Updated:ORANGE COUNTY, Fla. —
A 911 dispatcher took too long to process a call after a deadly shooting, according to an internal review by the Orange County Sheriff's Office.
The victim, Mireya Alvarado, was shot and killed in a food truck on Colonial Drive in April after two men burst in demanding money.
Her friend Rene Martinez placed the call moments after Alvarado was shot.
"En Espanol, una ambulancia por favor," Martinez yelled into the phone, asking for an ambulance, moments after Alvarado was shot.
The dispatcher, Janice Surkyn, didn't understand him and mistook him for a woman.
“You need police?" asked the dispatcher.
"Yes," said Martinez.
"At what address?" asked the dispatcher.
"En la Semoran," responded Martinez.
"Ma'am ... does anyone there speak English?" asked the dispatcher.

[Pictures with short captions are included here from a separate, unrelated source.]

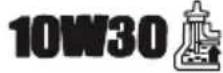 Grizzly BRM 51172 A - Piktogram na motoru: - 4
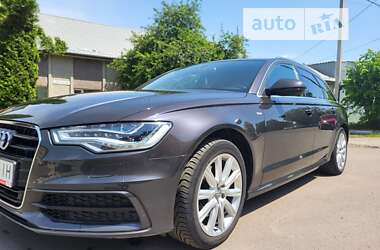 Універсал Audi A6 2012 в Рівному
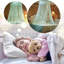 Lit à baldaquin Dreamy Princess | Guirlande de bricolage romantique à DEL | Créez facilement un espace intime et romantique dans votre chambre à coucher-985170433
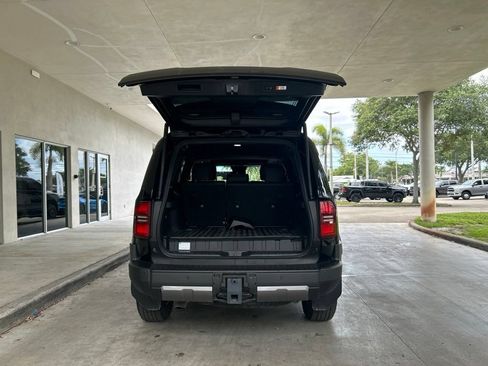 Used 2025 Toyota Land Cruiser w/ Premium Package AWD/4WD image 35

Speaking Spanish, Martinez told WFTV's Nancy Alvarez he frantically searched for someone to help him explain to the dispatcher what had happened.
The Sheriff's Office works with a language line that has interpreters on standby 24 hours a day, seven days a week, but the service wasn't used.
The internal review showed Surkyn was faulted for taking too long to process the call, and for asking a witness to return to the crime scene to "see what's going on."
Records show it took her another minute and 26 seconds to dispatch paramedics, even after Surkyn realized someone had been shot.
The Sheriff's Office is working to make delays like that don't happen again, according to the report.
Surkyn, who has been a 911 operator since 2005, received a written reprimand.
Alvarado's grieving husband said he just wants changes to ensure delays caused by a language barrier never happen again.
Adjustments have been made to speed up the connection to the language line, and 911 operators now have specific guidelines on how much time to spend with a non-English speaking caller, according to the sheriff's office report.
Sheriff's officials said if a functional dialogue isn't reached within 30 seconds, help must be brought on the line.
Surkyn has been a 911 operator since 2005 and had never been disciplined before.
She received a written reprimand for her handling of the food truck shooting call.
The men responsible for killing Alvarado still have not been arrested.